I'll have to take a closer look at issues with results merging/pruning.
I had previously stated that, currently, templates are matched purely by the query qualifier set being a subset of the templateGroup, rather than an exact match (i.e. both sets are equivalent, templateGroup has no additional qualifiers). I can change this to expecting an exact match instead?
the record cutoff is checked after each query. If a query returns an absurd number of records, it's possible to exceed the record cutoff by an absurd amount. Should we instead delete records above the cutoff? I'd like @andrewsu's opinion on this as well.
Looking into it.
I don't have a problem with this -- @andrewsu?

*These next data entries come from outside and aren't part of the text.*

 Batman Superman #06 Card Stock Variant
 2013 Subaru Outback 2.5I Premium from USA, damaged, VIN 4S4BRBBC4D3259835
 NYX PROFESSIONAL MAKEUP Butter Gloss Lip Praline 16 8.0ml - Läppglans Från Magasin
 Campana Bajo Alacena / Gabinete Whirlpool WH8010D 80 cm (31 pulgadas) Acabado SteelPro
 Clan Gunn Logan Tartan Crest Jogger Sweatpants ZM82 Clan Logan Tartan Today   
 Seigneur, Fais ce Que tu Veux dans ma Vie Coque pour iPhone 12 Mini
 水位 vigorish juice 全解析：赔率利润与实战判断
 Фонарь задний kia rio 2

andrewsu commented 1 year ago

@colleenXu can you post the question to one of the translator slack channels? I can see arguments both ways, and I think this is something that should be standardized across ARAs.
Originally my impression was that if we have the results beyond our threshold, might as well keep them. But I hadn't thought of the fact that other downstream things need to happen (like ID resolution). If those downstream things are essentially preventing BTE from returning the partial results, then I vote for deleting excess records. If not (and the issue is only the oddity of exceeding our threshold by a significant margin), then I vote for keeping the excess records. EDIT: decision made during 2023-01-11 meeting to delete excess records.

5. I'd suggest 500 to match what ARAX returns.

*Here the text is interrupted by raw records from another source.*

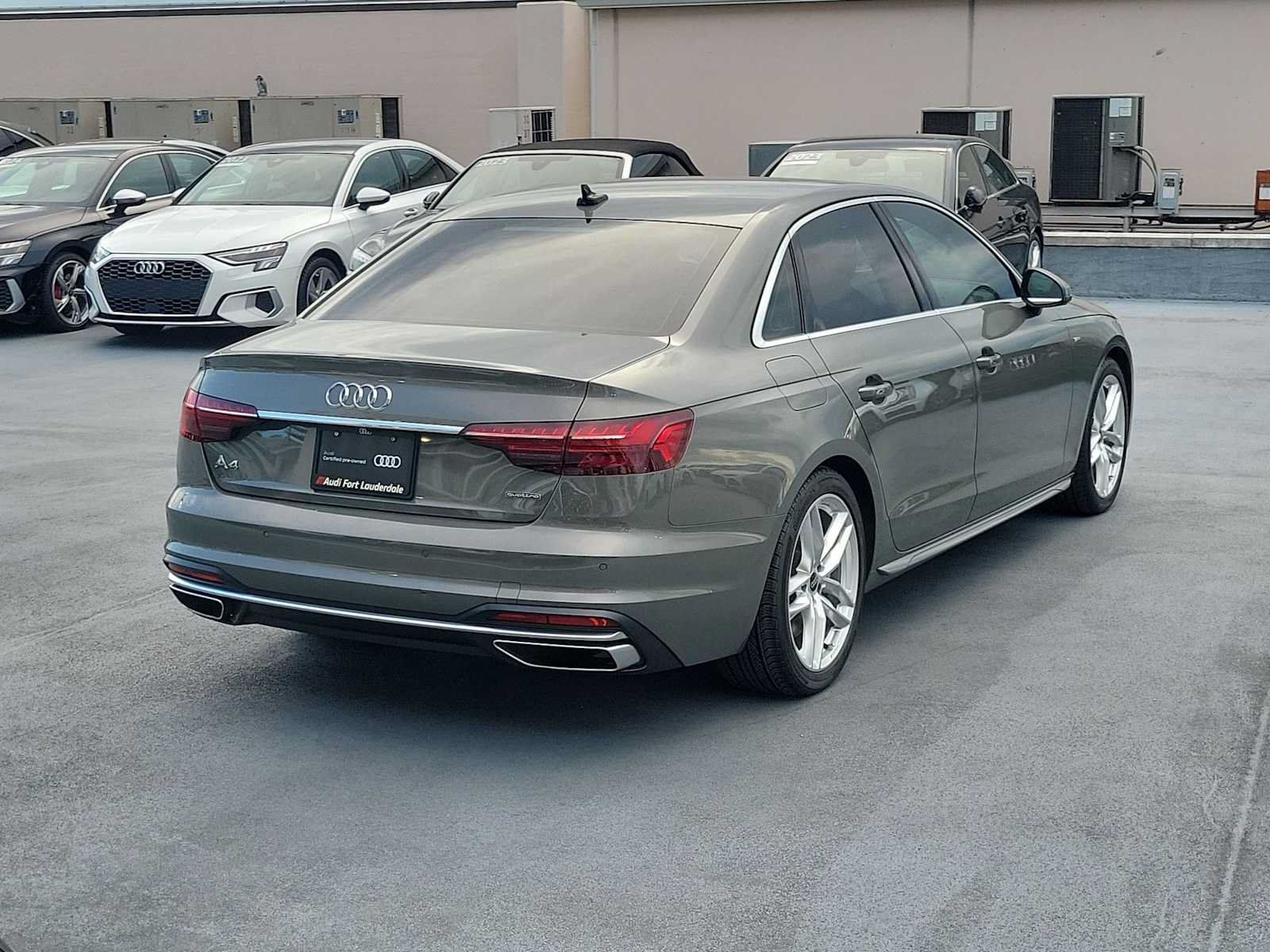 Certified 2023 Audi A4 2.0T Premium Plus w/ Premium Plus Package AWD/4WD image 12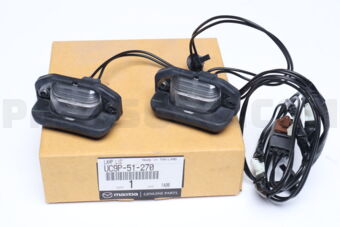 UC9P51270 Mazda LAMP,LICENSE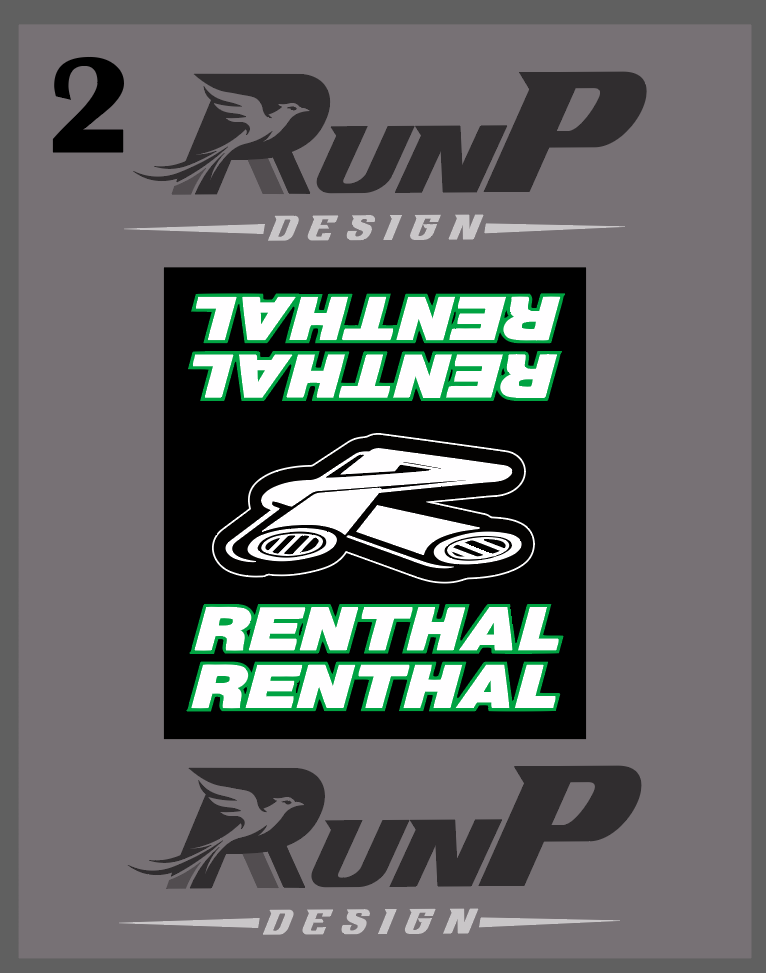 HANDLEBAR PAD kit - Renthal Black Core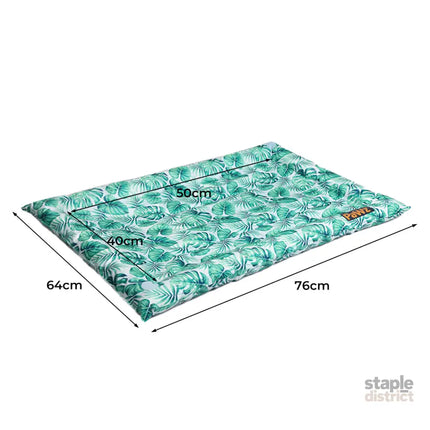 PaWz Pet Cool Gel Mat Cat Bed Dog Bolster M Medium-2029387225569038338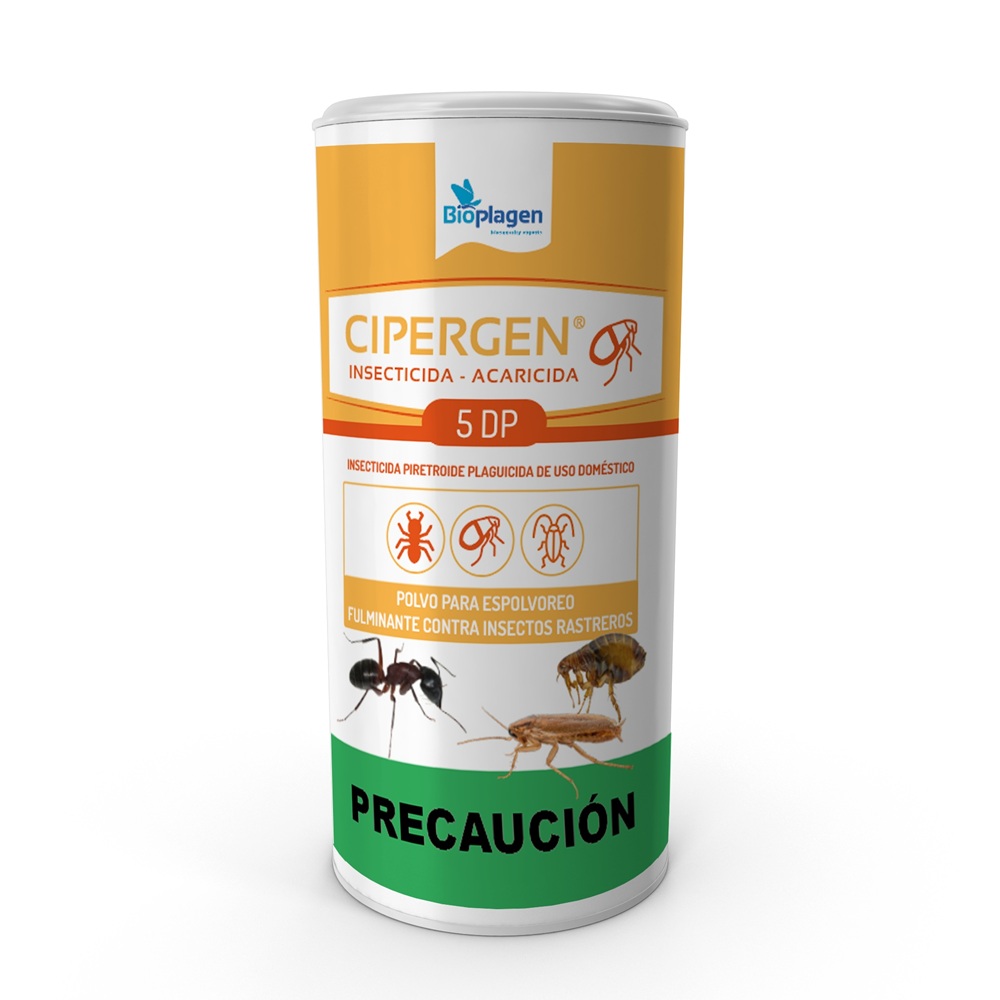 INSECTICIDA CIPERGEN 5 DP x 250 GRS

tokebe commented 1 year ago

@colleenXu I've fixed the results merging count and logging. As a result, I can confirm that no results are being dropped. Running sumatriptan, I get 433 results added across the templates, and 244 results in the final response. Logging now shows 189 results that were combined. 433 - 189 = 244, everything checks out. I was actually running in circles for a while because I thought I had to account for the number of results merged into, but this is simply a count of results from the 244 that were combined from multiple templates.

I'm not sure what's different between our locals that cause a difference in numbers, (perhaps I haven't updated specs recently?), but all results are accounted for, and no code is dropping results.

I've also fixed issue 4 -- a piece of code in call-apis was still using pre-qedge-refactor accessors, breaking the counts.

Additionally, I've pushed changes so records are truncated to the cutoff, and changed the creative limit to 500.

All set to proceed with testing again 👍

colleenXu commented 1 year ago

@tokebe

Questions I have after my second round of testing:

Followup on Point 1 of this post: When I run a decreased query for sumatriptan (PUBCHEM.COMPOUND:5358), I notice that there are 234 final results but one of the templates reports getting 247 results (in the logs). I'm then confused...if we're not truncating results, how can a template get more results than there is at the final count?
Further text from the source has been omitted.